Q:今回の授業ではオーキシンのはたらきと、その極性移動について扱った。このうち、細胞の外向きにのみ存在するオーキシン排出輸送体(PIN)について考察する。頂芽や根においてPINの作用で、末端から中心の方向へ輸送されたオーキシンは果たしてどこへ行くのかという疑問が挙げられていたが、恐らく、植物の中心にいくにつれてPINの発現量が減少しており、オーキシンはあるところで留まるようになっていると考えられる。さらに、ここでオーキシンの濃度を感知する受容体の存在により、オーキシン代謝のシステムが、いわば、フィードバック調整されることにより細胞の伸長とオーキシン濃度も調整されると考えられる。
A:オーキシンの中心制御説は面白いと思います。ただ、植物の中心ってどこでしょうね。動物と違って植物には中枢と呼べるような部位がありません。そこが動物と植物の大きな違いの一つでしょう。なお、「細胞の外向きにのみ存在する」という部分の意味がわかりませんでした。「細胞の外向きにのみオーキシンを排出する」ということでしょうか。

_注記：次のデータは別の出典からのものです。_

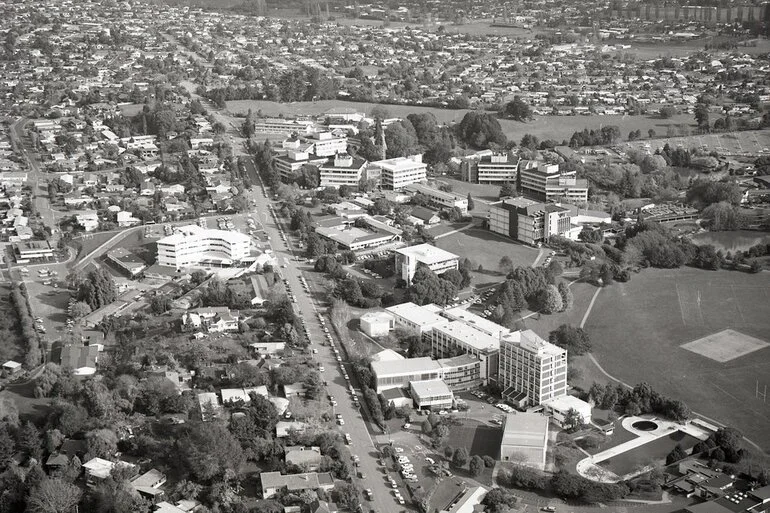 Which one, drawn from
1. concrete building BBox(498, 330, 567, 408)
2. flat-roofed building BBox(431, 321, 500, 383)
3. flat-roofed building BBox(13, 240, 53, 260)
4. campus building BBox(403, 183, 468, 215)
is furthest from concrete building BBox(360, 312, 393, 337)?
flat-roofed building BBox(13, 240, 53, 260)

Q:頂芽を切除すると本来頂芽である部位以外の場所でも頂芽が形成されるが、オーキシンを本来頂芽である部位に塗布すると頂芽の形成が抑制される。ここから、オーキシンは栄養生殖に関係するのではないかと考えた。オーキシンは成長ホルモンであり、成長促進や阻害などに関与する。植物種によって栄養生殖のメカニズムは異なるが、今回は多肉植物で考えてみる。調べてみると、多くの多肉植物は葉1枚からでも完全な植物体を形成する。葉を土に埋め、まずはじめに根が生え、小さな葉や茎が生える。(同種でも、環境によって逆の生長順をするものもいる。)オーキシンの生理作用として、茎の伸長生長促進、不定根形成の促進、細胞分裂の促進などがあり、これらは先程記述した栄養生殖の初期に必要な生理作用と一致する。つまり、オーキシンの作用によって栄養生殖が進むのではないだろうか。ゼニゴケにおける栄養生殖で、オーキシン低応答株では多くに異常が見られたことから、オーキシンは栄養生殖に関わっていると考えられる。(出典:http://kaken.nii.ac.jp/d/p/23119510.en.html 環境変動下における生存戦略としての栄養生殖機構の解析 京都大学 石崎公庸)もちろん他のホルモンにも同じ作用を示すものがあり、オーキシンのみで栄養生殖がおこるかどうかはわからないため、栄養生殖にどのホルモンが関わるかは実験により確かめてみたい。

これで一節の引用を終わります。